Monday, Jan. 29, 2001
Life In The Margins
By Roger Rosenblatt
Once I borrowed a book of essays called The Immediate Experience, by the cultural critic Robert Warshow WHO HE? from an old and learned friend. HE'S LEARNED, SO YOU'RE LEARNED? My friend had so thoroughly marked up the text that his annotations constituted a parallel text of its own, consisting of his annoyances, approvals, elaborations, questions and challenges. SO? [Warshow is famous, you jerk!]
Some passages were underlined in black ink, some in blue magic marker, some in green, some in thick red. There were solid red and green arrows pointing from one paragraph to another. RED AND GREEN = STOP AND GO? There were equal signs followed by pithy interpretations. PITHY YET! Words such as key and why? were written alongside certain sentences. YES, YES, GET TO IT! I had borrowed one book and was reading two. INTERESTING--MAYBE. [I HATE PEOPLE WHO DO THIS]

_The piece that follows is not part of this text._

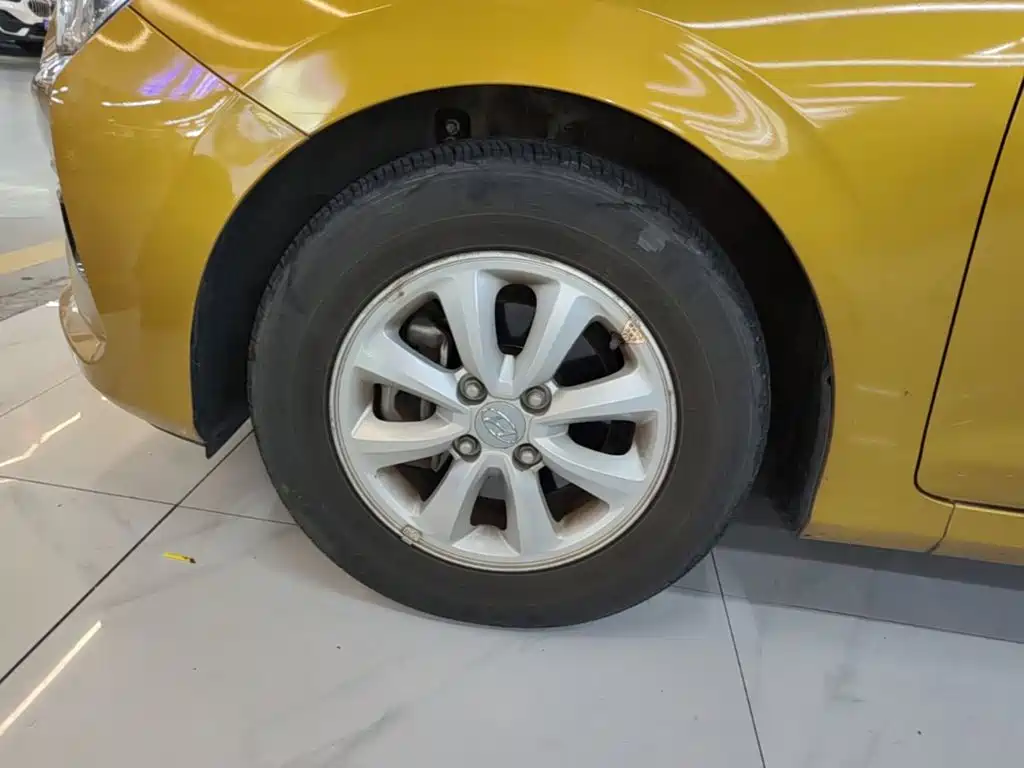 Hyundai Verna — миниатюра 23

The subject AS IF WE HADN'T GUESSED is marginalia--the notes one makes in response to something, usually in books. A forthcoming book called Marginalia WHAT ELSE?, by H.J. Jackson (Yale University Press), deals exclusively with the marginalia in books, but it also suggests the wider subject of how the mind works generally. [MARGERINEALIA?]
Every thought breeds an internal commentary, a counterthought NOT ALWAYS, some elaboration on the initial matter. Every action taken incurs an inner comment. EVERY ACTION? Everything we are is under continual revision. We even live in the margins of one another's lives. PROVE IT! That is, in a sense, Boswell was the marginalia to Dr. Johnson's life, which would not have been celebrated had there been no work in the margins. DIDN'T J. HAVE A LIFE WITHOUT B.? [Obligatory Dr. Johnson reference]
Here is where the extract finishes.